## YOUR OBJECTIVE
In the data below, locate the line containing "1-41_Examples-of-Chinese-Ornament_blk" and the line containing "D Pharmacy 2nd Year PYQ", then retype both and everything between them exactly. Pictures are not part of the copy.

## SUPPLIED MATERIAL
┄┄┄┄┄┄

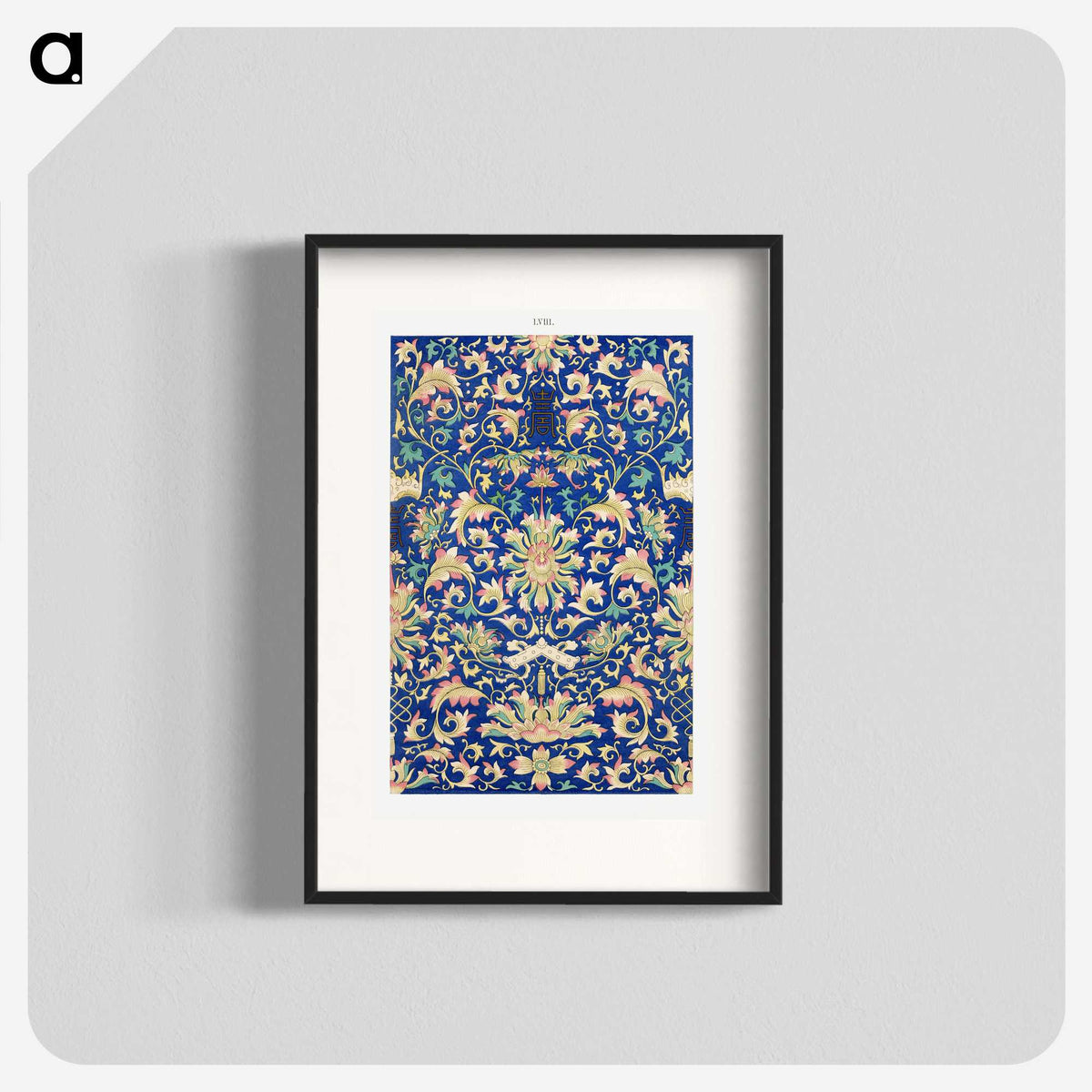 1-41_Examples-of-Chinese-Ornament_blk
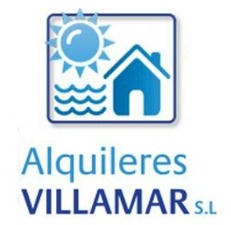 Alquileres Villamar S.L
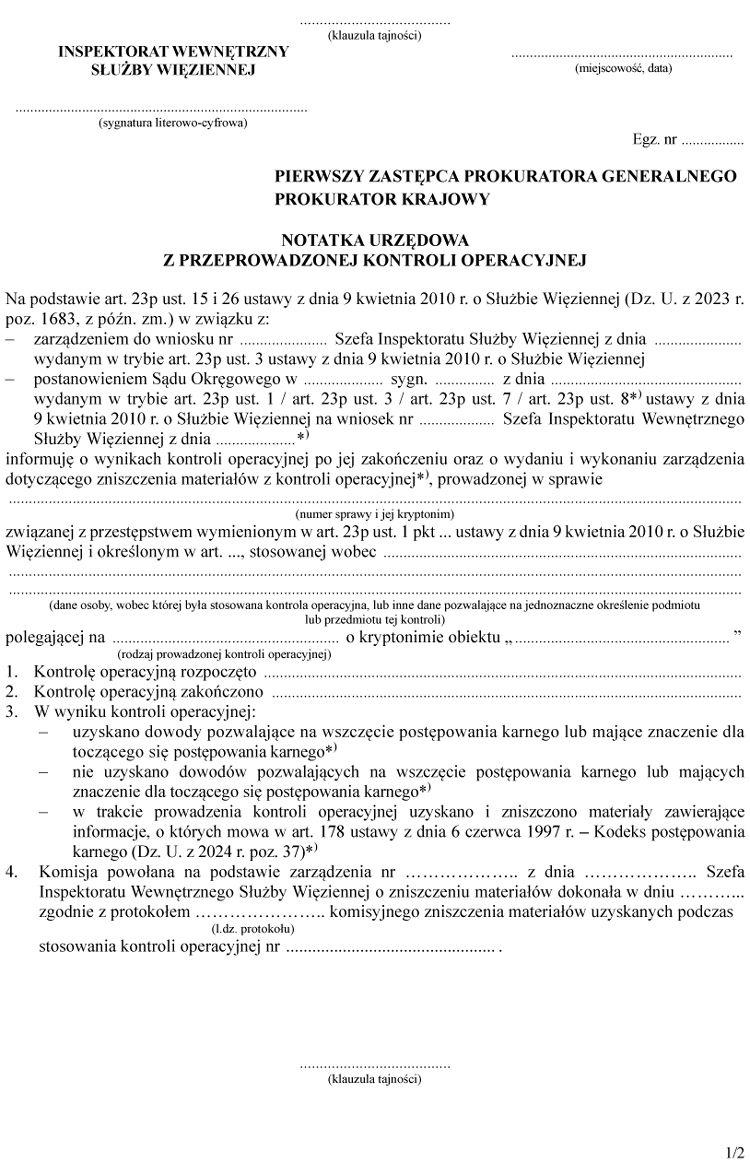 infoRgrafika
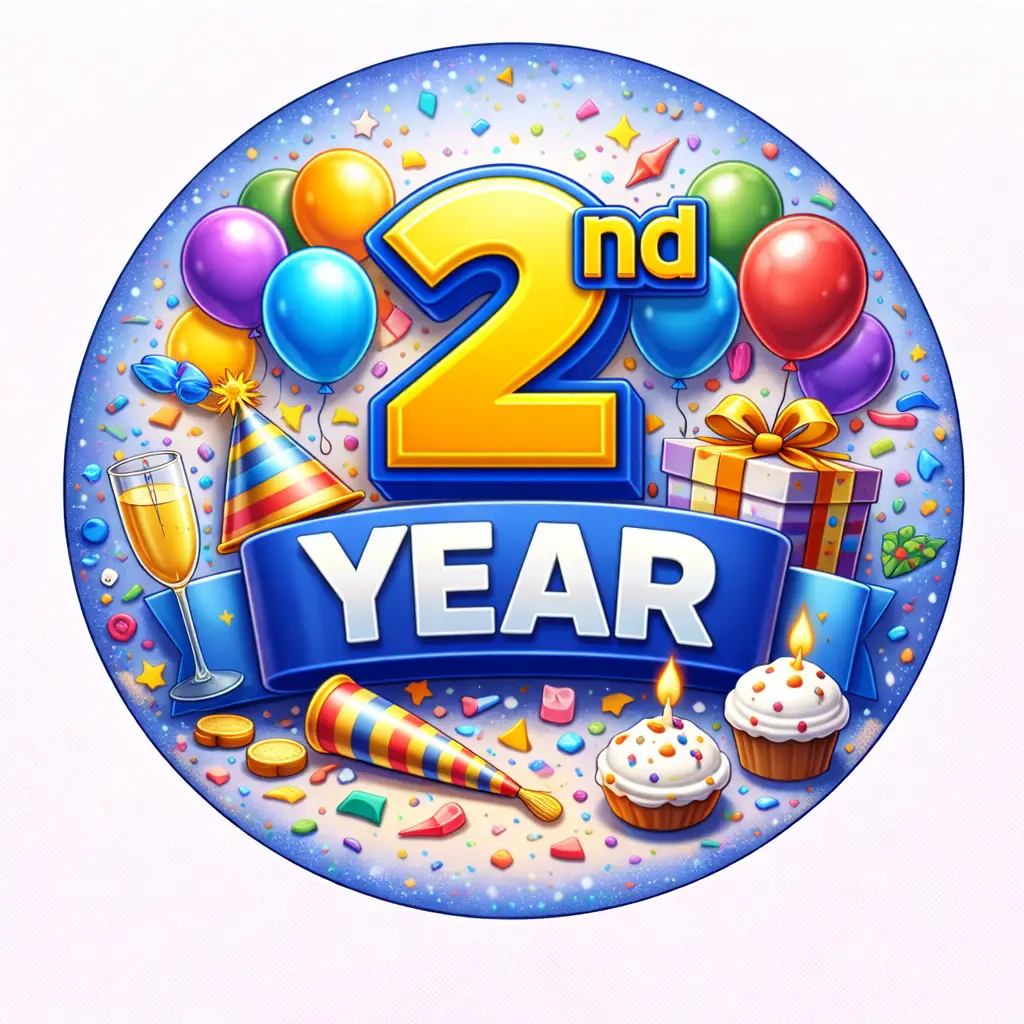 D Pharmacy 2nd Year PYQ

┄┄┄┄┄┄

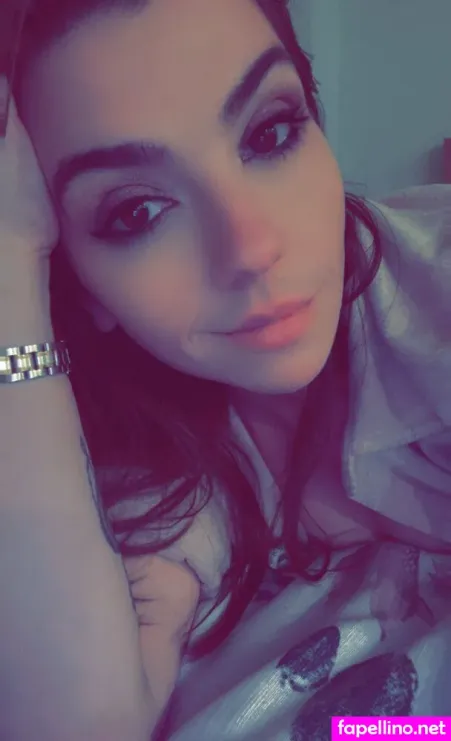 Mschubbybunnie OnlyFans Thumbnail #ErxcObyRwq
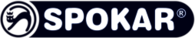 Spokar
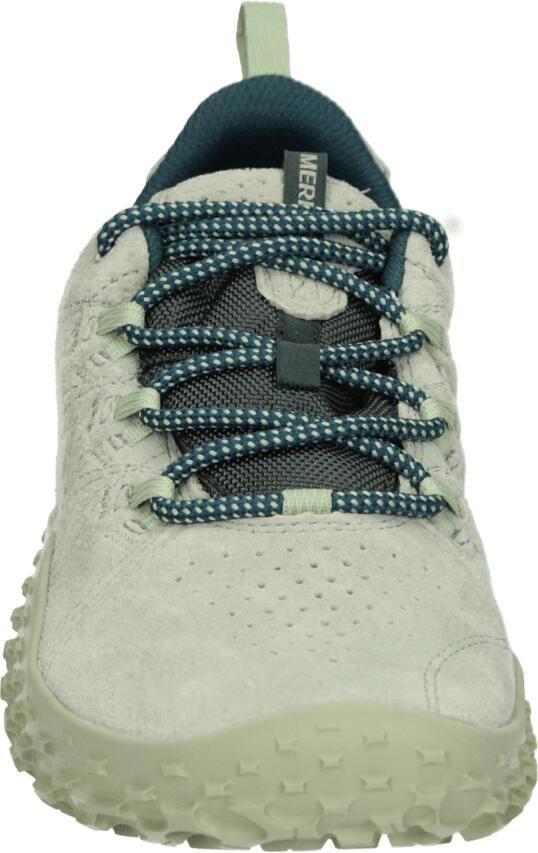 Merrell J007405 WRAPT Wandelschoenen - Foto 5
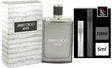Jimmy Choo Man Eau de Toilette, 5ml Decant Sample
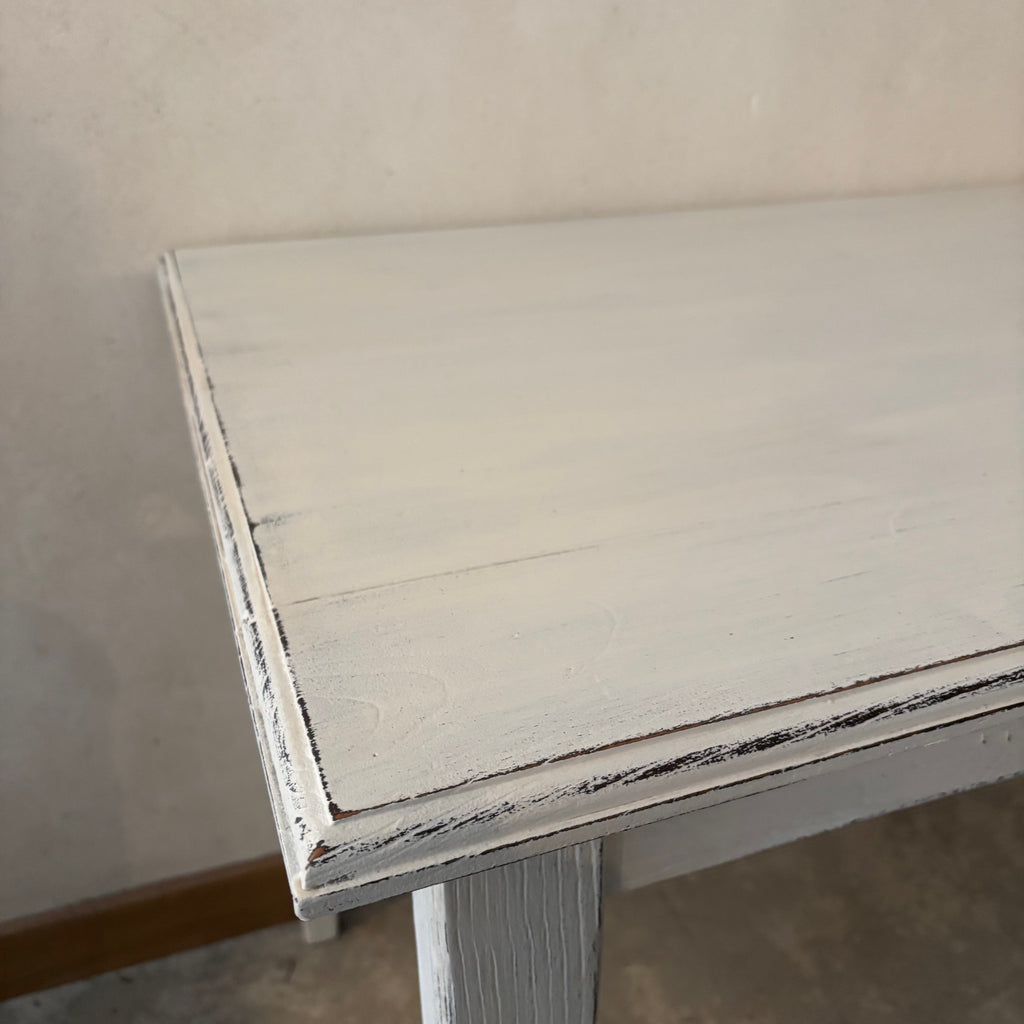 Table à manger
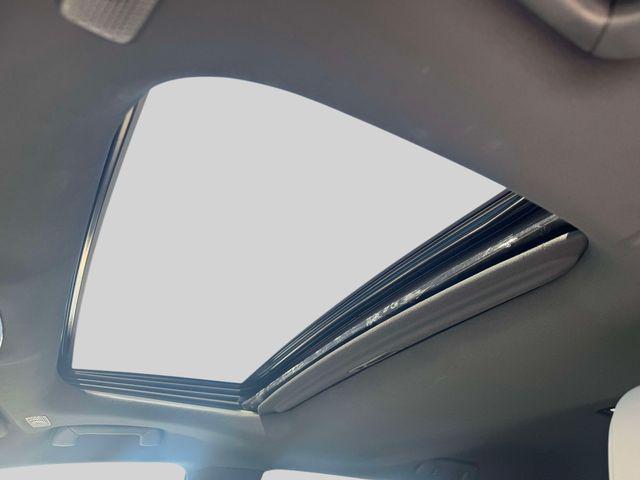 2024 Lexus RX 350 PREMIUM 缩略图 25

┄┄┄┄┄┄

## TASK RESULT
 1-41_Examples-of-Chinese-Ornament_blk
 Alquileres Villamar S.L
 infoRgrafika
 D Pharmacy 2nd Year PYQ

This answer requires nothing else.